Deskripsi Pekerjaan
At NexusCloud, we are building the next generation of high-availability infrastructure to power global enterprises. We are seeking a visionary Senior Site Reliability Engineer to bridge the gap between development and operations. You will be responsible for defining, maintaining, and scaling our core systems, ensuring 99.999% uptime through automation and architectural excellence.
You will join a high-performance team that values engineering rigor, blameless post-mortems, and a culture of continuous learning. If you are passionate about observability, distributed systems, and solving complex production challenges, we want to hear from you.
Tanggung Jawab
- Design and manage highly available, fault-tolerant distributed systems on GCP/AWS.
- Lead the automation of infrastructure provisioning using Terraform and Kubernetes.

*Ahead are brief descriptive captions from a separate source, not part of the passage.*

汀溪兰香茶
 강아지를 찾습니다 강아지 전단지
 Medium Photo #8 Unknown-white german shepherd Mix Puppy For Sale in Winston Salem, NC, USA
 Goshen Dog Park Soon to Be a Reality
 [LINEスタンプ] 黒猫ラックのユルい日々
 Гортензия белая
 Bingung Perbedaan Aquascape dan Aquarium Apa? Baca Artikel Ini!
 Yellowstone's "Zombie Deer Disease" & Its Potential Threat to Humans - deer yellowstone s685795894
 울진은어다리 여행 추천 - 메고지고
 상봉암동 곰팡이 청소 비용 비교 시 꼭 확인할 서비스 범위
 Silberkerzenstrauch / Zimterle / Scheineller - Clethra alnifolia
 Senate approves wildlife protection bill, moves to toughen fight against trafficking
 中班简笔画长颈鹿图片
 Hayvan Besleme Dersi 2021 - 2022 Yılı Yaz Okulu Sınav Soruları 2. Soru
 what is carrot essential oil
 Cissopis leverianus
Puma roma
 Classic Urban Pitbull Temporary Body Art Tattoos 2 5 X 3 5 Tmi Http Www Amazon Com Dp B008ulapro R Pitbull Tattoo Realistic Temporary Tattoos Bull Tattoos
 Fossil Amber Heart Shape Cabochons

- Establish SLOs, SLIs, and robust monitoring strategies using Prometheus, Grafana, and Datadog.
- Conduct deep-dive incident analysis and blameless post-mortems to improve system resilience.
- Collaborate with SDE teams to drive architectural improvements and capacity planning.
- Develop and maintain CI/CD pipelines to ensure rapid, safe deployment cycles.
- Participate in an on-call rotation to maintain system health and performance.
Kualifikasi
- 5+ years of experience in SRE, DevOps, or Software Engineering roles.
- Strong expertise in Linux systems administration and container orchestration (Kubernetes).
- Proficiency in Go, Python, or Ruby for infrastructure automation and tooling.
- Deep understanding of cloud-native architecture and distributed databases (Cassandra, PostgreSQL, or Redis).
- Experience with IaC tools like Terraform, Pulumi, or Ansible.
- Solid grasp of networking fundamentals (TCP/IP, DNS, Load Balancing, CDN).
- Bachelor’s degree in Computer Science, Engineering, or equivalent professional experience.